Había otro problema.
Si los aldeanos iban a la capital y difundían rumores de que habían aparecido demonios en Gorgon, causaría problemas en el plan de Damian y Talia de esconderse allí en secreto.
Talia agarró la mano de Chloe y la jaló hacia adentro de la mansión, gritando: —¡Reunión de emergencia! ¡Reunión de emergencia!
Gritó a todo pulmón.
Los caballeros, que se apresuraron, se reunieron en el comedor.
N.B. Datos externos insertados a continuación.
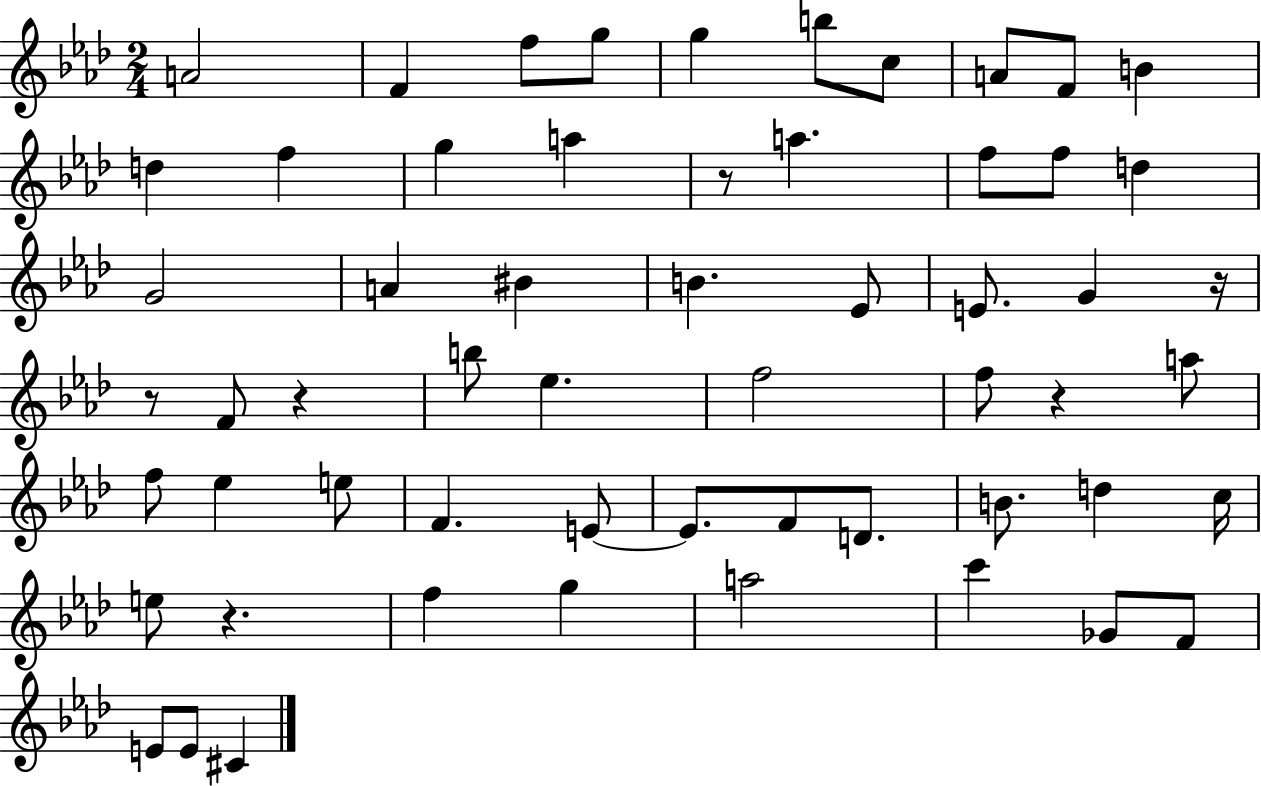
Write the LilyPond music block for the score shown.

Damian, que había desaparecido, también apareció.
—Hay un problema.
Cuando Talia explicó brevemente la situación, los rostros de los caballeros se volvieron amenazantes.
—La razón por la que las bestias mágicas siguen bajando a las aldeas cercanas es simple. Es porque los rastreadores que el Príncipe Heredero envió a espiarnos están causando estragos en las afueras de Gorgon.
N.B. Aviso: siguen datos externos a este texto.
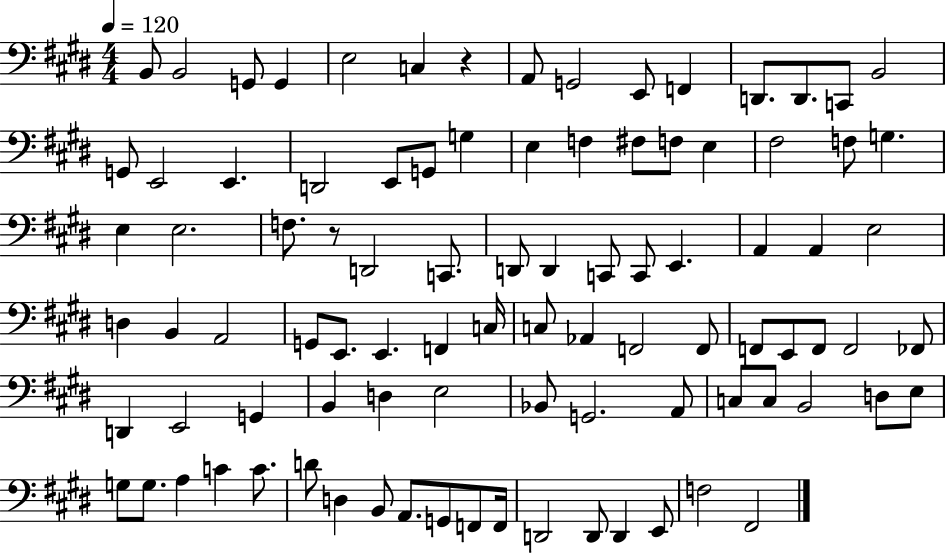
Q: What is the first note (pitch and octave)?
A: B2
—Deberíamos matarlos a todos.
—Entonces vendrá un ejército de verdad.
—Entonces también los mataremos a ellos.
Hablaban con dureza, pero en muchos sentidos eran las víctimas.
A pesar de que se sabía que Damian había muerto, y a pesar de que habían confirmado varias veces que su corazón no latía, el Príncipe Heredero y sus seguidores no dejaron de sospechar.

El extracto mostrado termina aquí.